The integration of innovations in Information and Communication Technologies (ICT) with trade liberalisation has lead to the emergence of International E-Commerce (IEC). IEC is a subset of e-commerce and it is defined as an on-line commitment to sell a product that result in the import or export of goods or services cross-borders. IEC still accounts for a small portion of overall international trade (USGAO 2002). Investment in ICT generated new financial instruments leading to invention of new means of conducting business worldwide.
The Golden age of European economic growth (the period between 1950 and 1973) was superseded by the United States productivity growth that outperformed European productivity growth. . During the 1990s there was spectacular progress in ICT production, which encouraged more capital investment in ICT causing ICT equipment to become much cheaper. ICT production became larger relative to GDP in the United States. EU has lagged behind the United States in ICT investment and in the contribution made by ICT to labour productivity growth.
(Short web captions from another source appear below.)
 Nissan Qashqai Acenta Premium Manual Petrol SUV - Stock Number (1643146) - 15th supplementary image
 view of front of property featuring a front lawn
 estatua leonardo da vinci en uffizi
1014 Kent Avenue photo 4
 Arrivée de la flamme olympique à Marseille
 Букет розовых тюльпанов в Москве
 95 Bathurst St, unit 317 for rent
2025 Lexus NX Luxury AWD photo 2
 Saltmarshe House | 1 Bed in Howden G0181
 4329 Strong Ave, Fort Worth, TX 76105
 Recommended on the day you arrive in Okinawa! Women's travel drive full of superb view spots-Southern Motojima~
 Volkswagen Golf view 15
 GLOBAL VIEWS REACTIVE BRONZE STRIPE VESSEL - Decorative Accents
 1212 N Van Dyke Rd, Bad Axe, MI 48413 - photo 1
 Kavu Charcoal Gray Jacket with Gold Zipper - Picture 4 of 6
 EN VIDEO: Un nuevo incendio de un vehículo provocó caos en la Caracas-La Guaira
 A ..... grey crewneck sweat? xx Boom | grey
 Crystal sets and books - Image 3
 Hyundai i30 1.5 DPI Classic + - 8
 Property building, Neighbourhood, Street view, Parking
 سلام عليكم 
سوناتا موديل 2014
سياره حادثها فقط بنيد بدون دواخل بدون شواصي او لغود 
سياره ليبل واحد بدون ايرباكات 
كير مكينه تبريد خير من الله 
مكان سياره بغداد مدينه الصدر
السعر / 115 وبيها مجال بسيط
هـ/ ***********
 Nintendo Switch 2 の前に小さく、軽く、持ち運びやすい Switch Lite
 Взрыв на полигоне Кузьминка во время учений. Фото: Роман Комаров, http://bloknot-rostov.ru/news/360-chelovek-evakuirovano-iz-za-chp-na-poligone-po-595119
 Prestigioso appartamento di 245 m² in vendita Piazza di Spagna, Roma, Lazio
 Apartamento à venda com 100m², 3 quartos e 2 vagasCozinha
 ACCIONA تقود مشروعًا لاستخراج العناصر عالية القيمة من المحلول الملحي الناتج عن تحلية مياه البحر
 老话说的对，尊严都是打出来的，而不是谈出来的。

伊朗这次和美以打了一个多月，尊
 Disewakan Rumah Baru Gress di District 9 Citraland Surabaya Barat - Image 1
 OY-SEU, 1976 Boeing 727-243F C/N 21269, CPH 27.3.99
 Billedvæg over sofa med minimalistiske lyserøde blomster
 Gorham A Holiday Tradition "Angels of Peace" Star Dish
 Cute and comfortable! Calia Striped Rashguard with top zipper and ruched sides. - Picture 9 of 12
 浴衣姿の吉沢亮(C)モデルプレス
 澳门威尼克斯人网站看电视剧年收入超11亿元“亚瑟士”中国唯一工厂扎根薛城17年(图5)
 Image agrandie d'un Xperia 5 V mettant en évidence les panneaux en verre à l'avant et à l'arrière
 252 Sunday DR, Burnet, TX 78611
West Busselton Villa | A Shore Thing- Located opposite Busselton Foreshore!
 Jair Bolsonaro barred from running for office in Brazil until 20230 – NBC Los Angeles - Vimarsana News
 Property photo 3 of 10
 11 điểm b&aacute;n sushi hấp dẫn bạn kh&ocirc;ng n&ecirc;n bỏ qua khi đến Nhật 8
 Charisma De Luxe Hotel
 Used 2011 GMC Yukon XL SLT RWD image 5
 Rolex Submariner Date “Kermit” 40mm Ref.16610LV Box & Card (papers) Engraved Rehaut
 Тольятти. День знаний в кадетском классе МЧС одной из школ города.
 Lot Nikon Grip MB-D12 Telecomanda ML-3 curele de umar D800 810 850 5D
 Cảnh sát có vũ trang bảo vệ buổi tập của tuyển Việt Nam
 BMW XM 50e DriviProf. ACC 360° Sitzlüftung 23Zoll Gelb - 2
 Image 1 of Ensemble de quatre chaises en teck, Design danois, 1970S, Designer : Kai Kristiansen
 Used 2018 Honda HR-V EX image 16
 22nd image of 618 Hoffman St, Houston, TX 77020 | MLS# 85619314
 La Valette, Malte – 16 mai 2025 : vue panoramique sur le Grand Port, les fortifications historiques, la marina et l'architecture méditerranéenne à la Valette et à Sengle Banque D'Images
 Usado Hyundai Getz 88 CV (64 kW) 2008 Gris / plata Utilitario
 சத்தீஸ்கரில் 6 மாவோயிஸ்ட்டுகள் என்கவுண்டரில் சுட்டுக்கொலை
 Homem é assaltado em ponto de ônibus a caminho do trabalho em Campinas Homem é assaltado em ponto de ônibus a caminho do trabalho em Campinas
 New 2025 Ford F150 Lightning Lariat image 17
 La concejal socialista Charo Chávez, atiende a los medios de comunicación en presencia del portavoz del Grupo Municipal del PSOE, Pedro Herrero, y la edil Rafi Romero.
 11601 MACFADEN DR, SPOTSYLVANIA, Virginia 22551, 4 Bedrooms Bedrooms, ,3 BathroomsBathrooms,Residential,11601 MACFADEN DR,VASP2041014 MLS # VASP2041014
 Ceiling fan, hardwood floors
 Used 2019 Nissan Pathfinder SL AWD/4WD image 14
For most EU countries except Ireland, ICT production accounts for smaller proportion of GDP than in the United States (Crafts 2003). Weak investment in ICT in Europe is related to regulation. Employment protection legislation, which raises firing costs, is an obstacle to the reorganization of the labour force and work practices which are central to obtaining the payoff from ICT. Although Europe has moved in the direction of deregulation and some countries have a strong advantage over the United States in human capital, the continued strength of employment protection remains as a drag on ICT capital investment.
ICT investment is likely to boost growth (Crafts 2003).2.1 Economic Effect of Information and Communication TechnologiesIt is assumed that innovative ICT will make financial transactions easier, secure and at a lower cost. It is possible to lower transaction costs since information costs make up a great portion of the transactions costs. Transaction costs are mainly operation cost. In the B2B segment, the use of e-commerce technologies, i.e. primarily electronic information exchange among enterprises, optimizes production, inventory keeping and distribution (Wenninger, 1999).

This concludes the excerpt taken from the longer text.